Activity
Below are the records. Retype exactly the lines between the lines holding "Waterfront Lake Huron" and "Un nuovissimo hotel", inclusive.

Records for processing
= Beginning of Section =

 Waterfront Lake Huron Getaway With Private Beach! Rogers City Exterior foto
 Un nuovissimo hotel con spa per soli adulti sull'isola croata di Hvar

= End of Section =
= Beginning of Section =

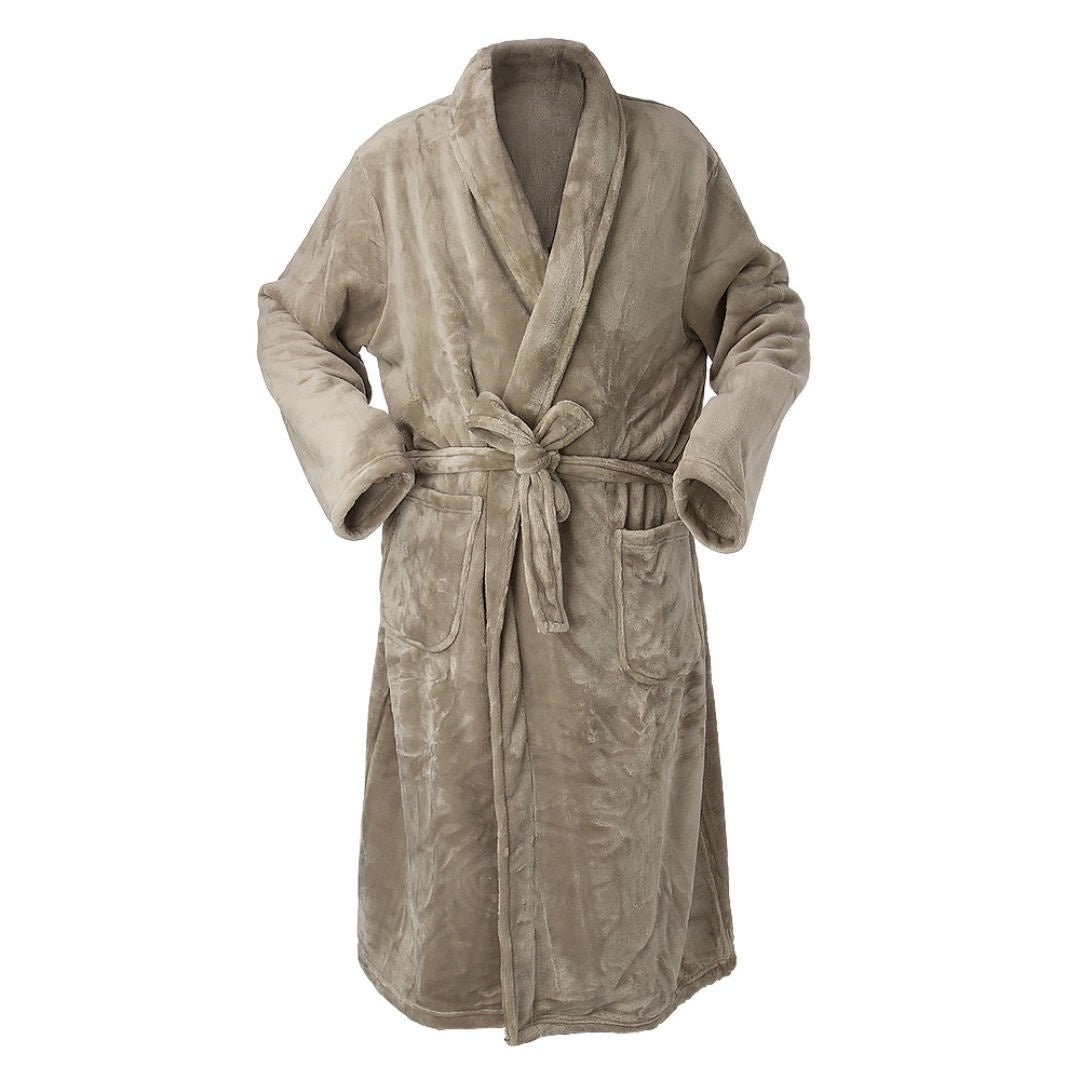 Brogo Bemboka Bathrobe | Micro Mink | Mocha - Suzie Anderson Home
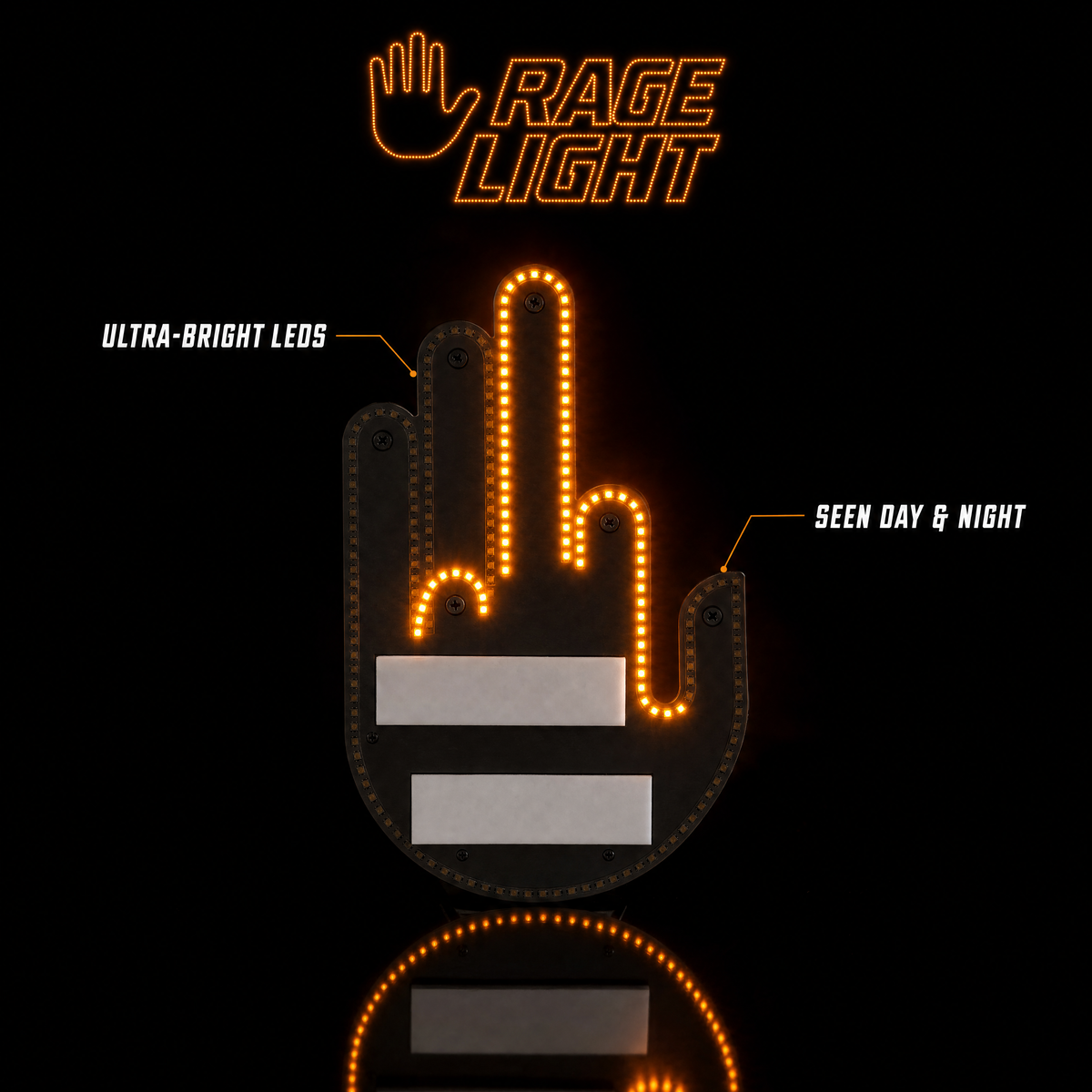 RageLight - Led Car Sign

= End of Section =
= Beginning of Section =

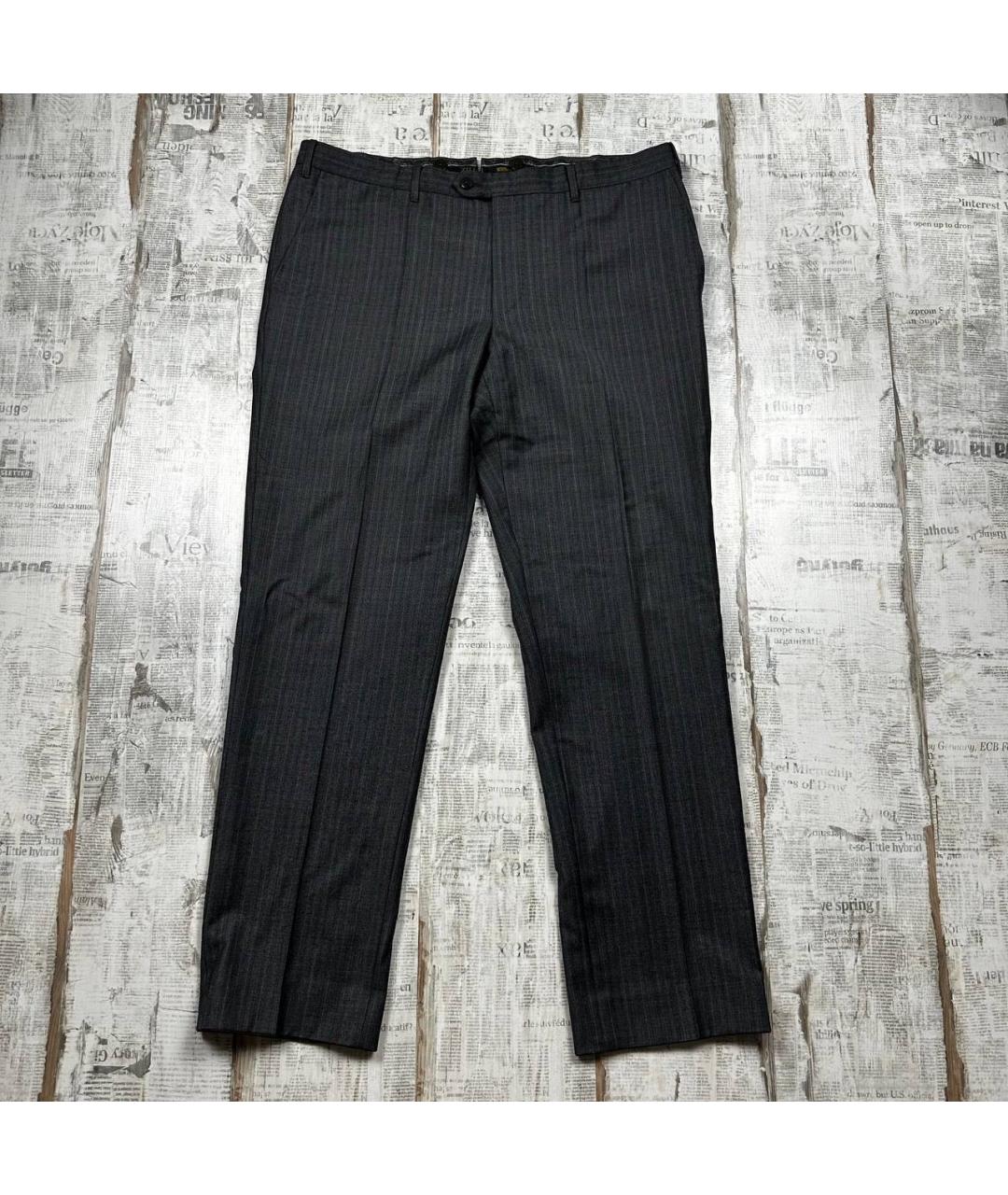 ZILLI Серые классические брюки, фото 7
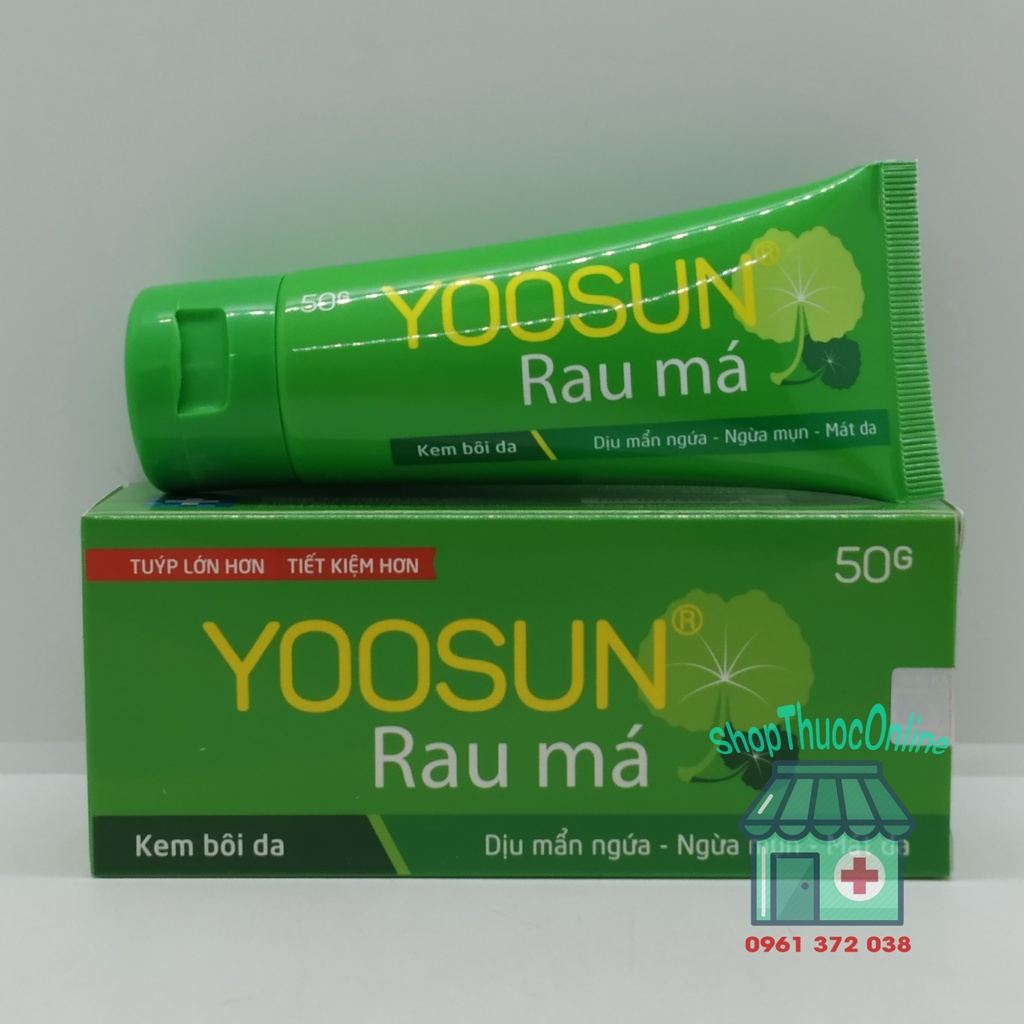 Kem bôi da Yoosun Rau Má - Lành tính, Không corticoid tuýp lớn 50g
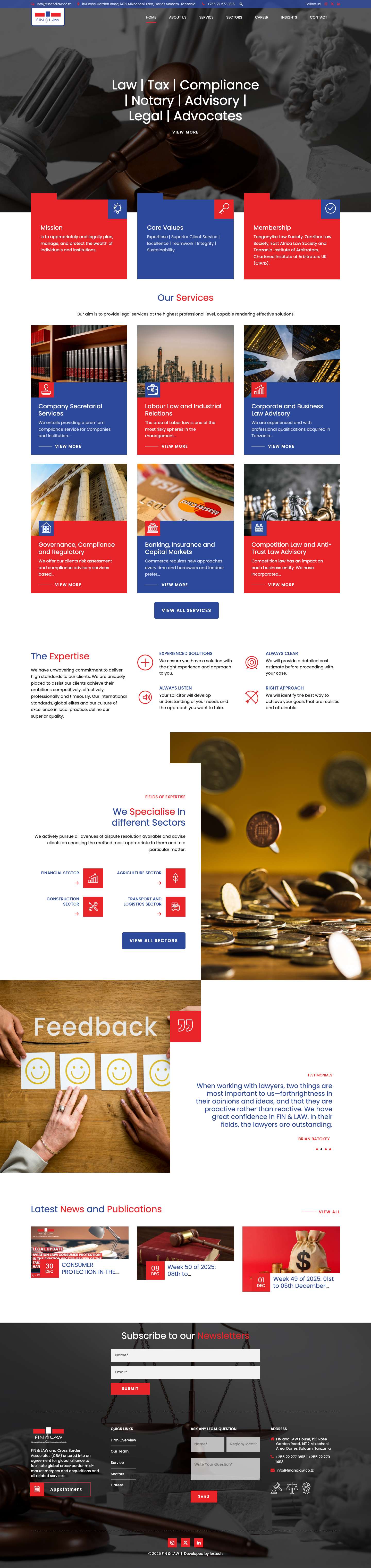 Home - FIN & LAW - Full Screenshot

= End of Section =

Answer
 Waterfront Lake Huron Getaway With Private Beach! Rogers City Exterior foto
 Un nuovissimo hotel con spa per soli adulti sull'isola croata di Hvar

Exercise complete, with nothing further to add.